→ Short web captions

------------------------------------------------------------------------

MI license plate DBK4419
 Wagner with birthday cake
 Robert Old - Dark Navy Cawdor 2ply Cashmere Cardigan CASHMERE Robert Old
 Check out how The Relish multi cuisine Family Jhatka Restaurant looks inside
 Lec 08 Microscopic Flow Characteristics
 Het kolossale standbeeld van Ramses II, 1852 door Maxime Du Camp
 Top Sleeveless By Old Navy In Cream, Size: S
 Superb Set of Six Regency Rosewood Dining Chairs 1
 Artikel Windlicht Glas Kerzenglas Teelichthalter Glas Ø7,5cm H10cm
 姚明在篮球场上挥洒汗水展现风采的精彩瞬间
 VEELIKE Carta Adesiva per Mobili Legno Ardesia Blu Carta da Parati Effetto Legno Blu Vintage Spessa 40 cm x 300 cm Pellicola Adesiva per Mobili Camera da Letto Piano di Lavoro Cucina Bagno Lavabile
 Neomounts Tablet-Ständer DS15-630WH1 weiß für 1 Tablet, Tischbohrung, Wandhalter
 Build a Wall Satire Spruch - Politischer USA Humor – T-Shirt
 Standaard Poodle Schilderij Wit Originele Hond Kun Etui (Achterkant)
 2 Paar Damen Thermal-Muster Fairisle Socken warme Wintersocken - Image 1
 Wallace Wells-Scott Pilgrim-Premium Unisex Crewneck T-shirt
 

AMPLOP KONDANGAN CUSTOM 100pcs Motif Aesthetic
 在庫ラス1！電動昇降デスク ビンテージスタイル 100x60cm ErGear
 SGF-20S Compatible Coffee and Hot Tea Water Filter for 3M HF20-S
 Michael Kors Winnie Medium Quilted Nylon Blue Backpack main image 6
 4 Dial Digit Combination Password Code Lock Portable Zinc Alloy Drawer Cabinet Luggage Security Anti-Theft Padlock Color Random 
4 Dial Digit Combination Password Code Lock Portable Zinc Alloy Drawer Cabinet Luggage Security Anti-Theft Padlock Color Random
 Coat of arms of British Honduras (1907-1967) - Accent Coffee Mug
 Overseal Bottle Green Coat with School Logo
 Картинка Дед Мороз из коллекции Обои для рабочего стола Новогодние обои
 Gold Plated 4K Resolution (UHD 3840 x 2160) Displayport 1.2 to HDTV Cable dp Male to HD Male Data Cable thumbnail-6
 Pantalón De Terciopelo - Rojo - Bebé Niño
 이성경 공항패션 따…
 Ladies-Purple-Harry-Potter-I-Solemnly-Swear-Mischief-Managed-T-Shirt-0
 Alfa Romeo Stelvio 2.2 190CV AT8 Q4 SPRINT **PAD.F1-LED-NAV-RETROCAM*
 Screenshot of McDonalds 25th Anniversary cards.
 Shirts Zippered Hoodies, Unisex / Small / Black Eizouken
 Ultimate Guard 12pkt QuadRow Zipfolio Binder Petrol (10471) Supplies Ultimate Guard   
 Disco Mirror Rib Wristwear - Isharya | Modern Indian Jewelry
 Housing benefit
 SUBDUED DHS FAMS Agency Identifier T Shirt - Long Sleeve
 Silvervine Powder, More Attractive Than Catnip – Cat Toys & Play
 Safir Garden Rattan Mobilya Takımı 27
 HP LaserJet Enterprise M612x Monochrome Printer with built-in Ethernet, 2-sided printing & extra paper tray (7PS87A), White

------------------------------------------------------------------------

→ Aim of the exercise
Among the lines above, which contain the word "Theft"? Copy every one.

→ Task response
 4 Dial Digit Combination Password Code Lock Portable Zinc Alloy Drawer Cabinet Luggage Security Anti-Theft Padlock Color Random 
4 Dial Digit Combination Password Code Lock Portable Zinc Alloy Drawer Cabinet Luggage Security Anti-Theft Padlock Color Random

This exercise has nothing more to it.